**What you will do:**
Each line from the start of the records through the line containing "4533 Grand Central, New" is to be transcribed exactly, and no other line is to be included.

**Input data:**

%%

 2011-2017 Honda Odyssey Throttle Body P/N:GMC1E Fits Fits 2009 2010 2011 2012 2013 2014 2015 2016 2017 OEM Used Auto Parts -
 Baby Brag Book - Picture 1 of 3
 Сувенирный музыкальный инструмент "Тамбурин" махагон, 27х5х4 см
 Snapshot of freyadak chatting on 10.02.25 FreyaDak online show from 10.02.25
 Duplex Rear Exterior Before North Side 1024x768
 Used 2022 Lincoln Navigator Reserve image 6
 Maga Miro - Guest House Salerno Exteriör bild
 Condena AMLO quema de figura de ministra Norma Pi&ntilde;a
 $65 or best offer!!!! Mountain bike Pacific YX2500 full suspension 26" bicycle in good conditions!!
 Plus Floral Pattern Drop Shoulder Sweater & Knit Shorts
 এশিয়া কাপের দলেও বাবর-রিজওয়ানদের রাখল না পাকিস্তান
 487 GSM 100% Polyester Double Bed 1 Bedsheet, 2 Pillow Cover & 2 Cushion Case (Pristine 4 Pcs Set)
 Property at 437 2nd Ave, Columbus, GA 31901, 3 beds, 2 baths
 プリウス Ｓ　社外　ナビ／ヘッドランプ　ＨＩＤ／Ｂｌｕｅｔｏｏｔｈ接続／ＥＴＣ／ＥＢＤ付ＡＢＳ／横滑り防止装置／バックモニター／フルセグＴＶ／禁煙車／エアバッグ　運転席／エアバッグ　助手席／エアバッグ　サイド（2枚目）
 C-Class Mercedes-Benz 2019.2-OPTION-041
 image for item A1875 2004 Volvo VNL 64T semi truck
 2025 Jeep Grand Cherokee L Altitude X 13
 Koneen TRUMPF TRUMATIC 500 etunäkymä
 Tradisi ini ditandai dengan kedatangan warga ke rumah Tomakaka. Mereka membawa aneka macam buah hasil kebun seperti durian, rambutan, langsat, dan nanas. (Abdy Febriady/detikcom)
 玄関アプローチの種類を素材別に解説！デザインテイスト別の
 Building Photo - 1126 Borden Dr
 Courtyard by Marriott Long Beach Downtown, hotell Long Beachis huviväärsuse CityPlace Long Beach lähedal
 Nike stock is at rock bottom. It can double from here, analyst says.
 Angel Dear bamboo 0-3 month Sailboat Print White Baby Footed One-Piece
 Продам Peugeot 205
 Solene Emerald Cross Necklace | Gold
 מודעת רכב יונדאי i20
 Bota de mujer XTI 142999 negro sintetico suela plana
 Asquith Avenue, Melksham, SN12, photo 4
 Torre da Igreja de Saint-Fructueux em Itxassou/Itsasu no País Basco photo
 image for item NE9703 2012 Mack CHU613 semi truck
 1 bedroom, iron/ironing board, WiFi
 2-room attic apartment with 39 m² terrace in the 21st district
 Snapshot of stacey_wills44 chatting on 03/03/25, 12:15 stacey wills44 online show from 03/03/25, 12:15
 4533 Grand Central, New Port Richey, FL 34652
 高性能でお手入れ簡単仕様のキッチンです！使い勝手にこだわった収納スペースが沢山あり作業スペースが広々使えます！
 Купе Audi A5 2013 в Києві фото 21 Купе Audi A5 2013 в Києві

%%

**Exercise solution:**
 2011-2017 Honda Odyssey Throttle Body P/N:GMC1E Fits Fits 2009 2010 2011 2012 2013 2014 2015 2016 2017 OEM Used Auto Parts -
 Baby Brag Book - Picture 1 of 3
 Сувенирный музыкальный инструмент "Тамбурин" махагон, 27х5х4 см
 Snapshot of freyadak chatting on 10.02.25 FreyaDak online show from 10.02.25
 Duplex Rear Exterior Before North Side 1024x768
 Used 2022 Lincoln Navigator Reserve image 6
 Maga Miro - Guest House Salerno Exteriör bild
 Condena AMLO quema de figura de ministra Norma Pi&ntilde;a
 $65 or best offer!!!! Mountain bike Pacific YX2500 full suspension 26" bicycle in good conditions!!
 Plus Floral Pattern Drop Shoulder Sweater & Knit Shorts
 এশিয়া কাপের দলেও বাবর-রিজওয়ানদের রাখল না পাকিস্তান
 487 GSM 100% Polyester Double Bed 1 Bedsheet, 2 Pillow Cover & 2 Cushion Case (Pristine 4 Pcs Set)
 Property at 437 2nd Ave, Columbus, GA 31901, 3 beds, 2 baths
 プリウス Ｓ　社外　ナビ／ヘッドランプ　ＨＩＤ／Ｂｌｕｅｔｏｏｔｈ接続／ＥＴＣ／ＥＢＤ付ＡＢＳ／横滑り防止装置／バックモニター／フルセグＴＶ／禁煙車／エアバッグ　運転席／エアバッグ　助手席／エアバッグ　サイド（2枚目）
 C-Class Mercedes-Benz 2019.2-OPTION-041
 image for item A1875 2004 Volvo VNL 64T semi truck
 2025 Jeep Grand Cherokee L Altitude X 13
 Koneen TRUMPF TRUMATIC 500 etunäkymä
 Tradisi ini ditandai dengan kedatangan warga ke rumah Tomakaka. Mereka membawa aneka macam buah hasil kebun seperti durian, rambutan, langsat, dan nanas. (Abdy Febriady/detikcom)
 玄関アプローチの種類を素材別に解説！デザインテイスト別の
 Building Photo - 1126 Borden Dr
 Courtyard by Marriott Long Beach Downtown, hotell Long Beachis huviväärsuse CityPlace Long Beach lähedal
 Nike stock is at rock bottom. It can double from here, analyst says.
 Angel Dear bamboo 0-3 month Sailboat Print White Baby Footed One-Piece
 Продам Peugeot 205
 Solene Emerald Cross Necklace | Gold
 מודעת רכב יונדאי i20
 Bota de mujer XTI 142999 negro sintetico suela plana
 Asquith Avenue, Melksham, SN12, photo 4
 Torre da Igreja de Saint-Fructueux em Itxassou/Itsasu no País Basco photo
 image for item NE9703 2012 Mack CHU613 semi truck
 1 bedroom, iron/ironing board, WiFi
 2-room attic apartment with 39 m² terrace in the 21st district
 Snapshot of stacey_wills44 chatting on 03/03/25, 12:15 stacey wills44 online show from 03/03/25, 12:15
 4533 Grand Central, New Port Richey, FL 34652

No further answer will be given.